01 January, 2007

Photo essay of LAOS (Chapter 2 of 3):
The Plain of Jars: a 4000 year-old mystery

Chicken Licken and minor Communist officials do the official Meet-and-Greet as we arrive at Phonsavanh airport. The province of Xiengkhouang is the real Laos, promising plenty of parish-pump parochiality.

The Laos Airlines plane is scheduled to arrive at 4.10pm. It is always late. Quite co-incidentally, the uniformed chaps at the ‘Visa-on-Arrival’ counter have a dot-matrix printed sign on a tattered piece of A4 which reads:


At the stroke of 4.30, up goes the sign with 2 exhausted pieces of yellowed sticky-tape. When we laugh, they can barely disguise their feigned seriousness – they know we know they know it’s a scam…
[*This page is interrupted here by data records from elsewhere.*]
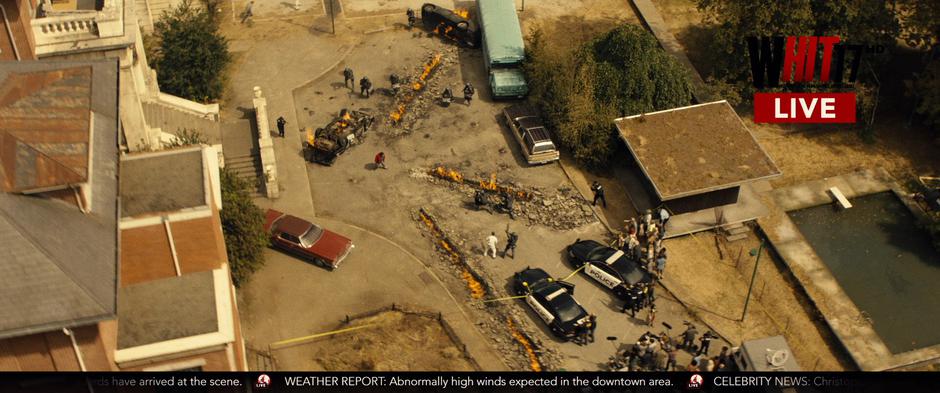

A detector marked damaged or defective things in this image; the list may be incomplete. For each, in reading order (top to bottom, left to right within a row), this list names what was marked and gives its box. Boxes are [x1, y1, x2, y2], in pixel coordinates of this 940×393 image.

overturned vehicle [302, 108, 374, 165]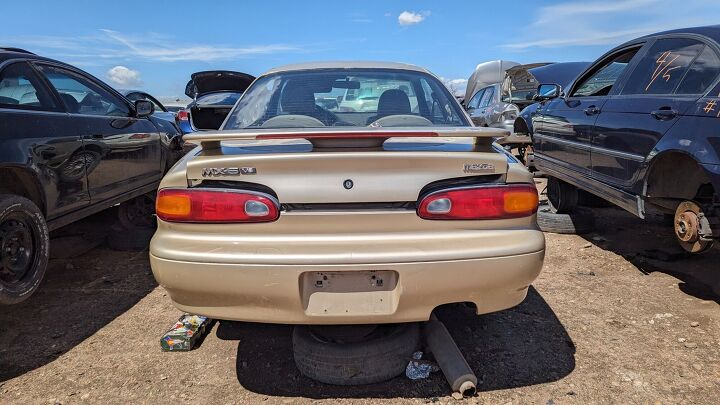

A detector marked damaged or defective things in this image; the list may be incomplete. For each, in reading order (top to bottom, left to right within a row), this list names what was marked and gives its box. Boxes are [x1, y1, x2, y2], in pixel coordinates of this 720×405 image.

parked car with missing wheel [0, 47, 186, 302]
parked car with missing wheel [150, 62, 544, 382]
parked car with missing wheel [528, 25, 720, 251]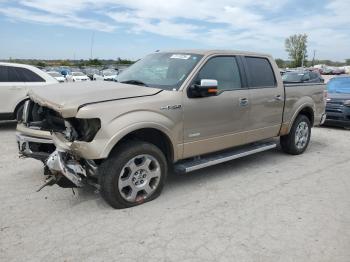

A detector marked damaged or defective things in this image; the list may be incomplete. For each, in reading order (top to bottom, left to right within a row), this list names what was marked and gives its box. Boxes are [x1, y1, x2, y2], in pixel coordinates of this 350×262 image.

crumpled hood [28, 81, 162, 117]
damaged front end [18, 100, 100, 190]
detached headlight [65, 118, 101, 142]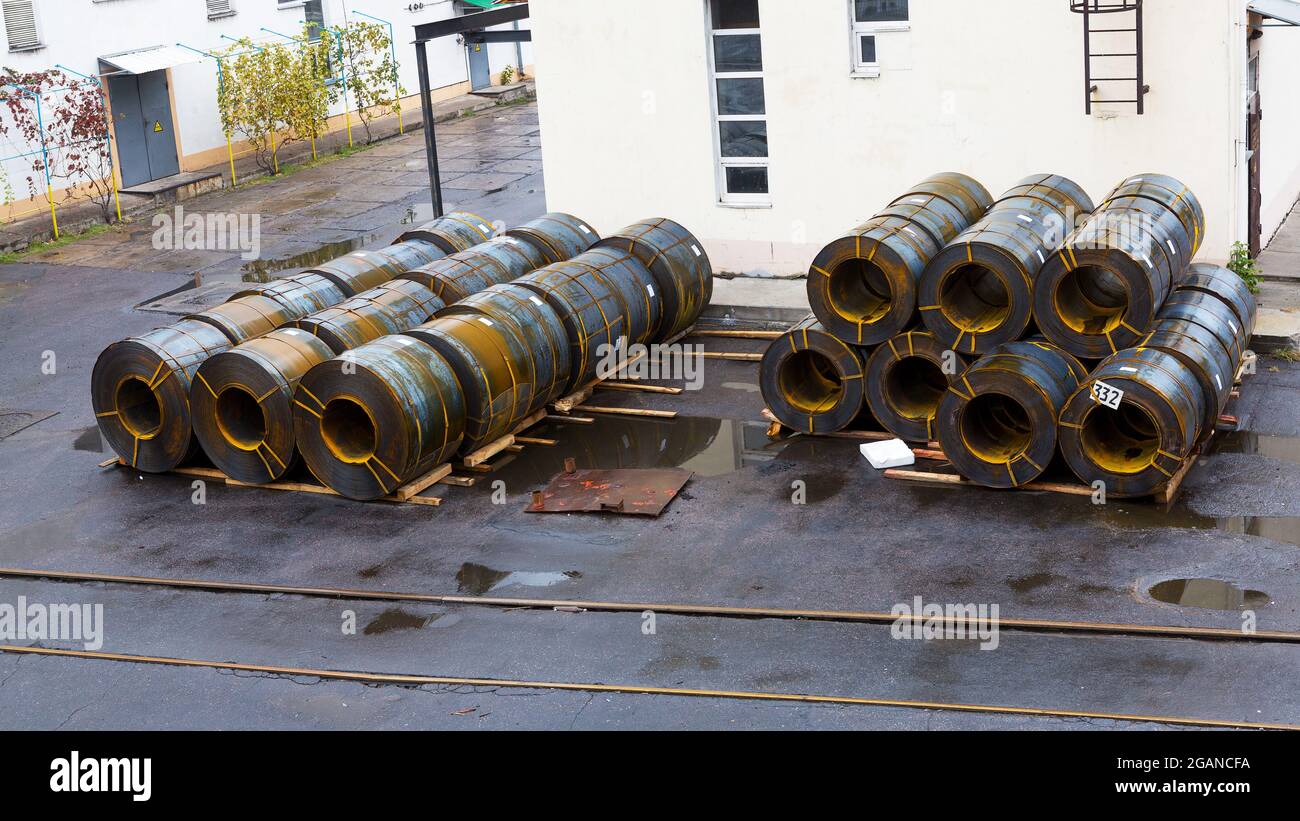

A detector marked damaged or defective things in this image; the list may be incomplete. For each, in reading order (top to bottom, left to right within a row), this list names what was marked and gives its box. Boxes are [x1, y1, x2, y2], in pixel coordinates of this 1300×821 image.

rusty surface [524, 468, 692, 512]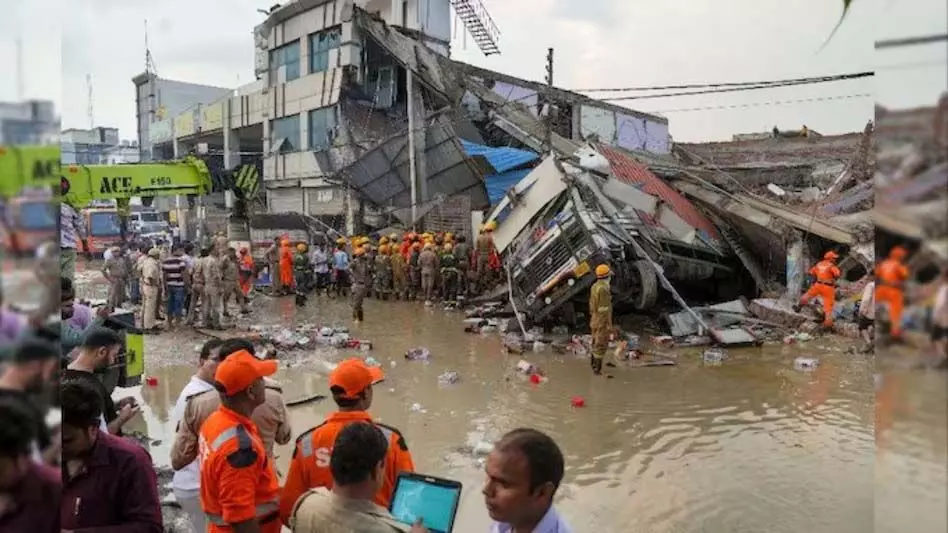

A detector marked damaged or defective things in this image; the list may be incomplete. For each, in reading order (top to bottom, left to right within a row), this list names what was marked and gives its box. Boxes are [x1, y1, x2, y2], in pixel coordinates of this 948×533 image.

Check-in to hotel. Go for walk to afternoon market. Most streets aren’t yet paved. Dry and dusty now that it's 'winter' and the Wet is over. Those roads which are paved date way back to the years of the French occupation, so there’s not much paving left between the pot-holes. We pass the barber-shop:

Market stalls are no more than pieces of tired tarpaulin on the ground, stacked with veggies, Vietnamese biscuits, flax brooms, second-hand clothes, chopped meat, etc. There’s no refrigeration – nor any ice, so turnover is (hopefully) quick. A large hand of ladyfinger bananas cost me 2500 kip …and that was probably the inflated tourist price. Who cares? ...that’s about 31¢ Australian. I’m well capable of bargaining aggressively in Thai, but would have felt guilty at that price. I gave her 3000 kip, with a gracious mâi bpen rai, khop jai. Trouble is, tipping always makes me feel like a patronizing pretentious post-colonial power-crazy prat.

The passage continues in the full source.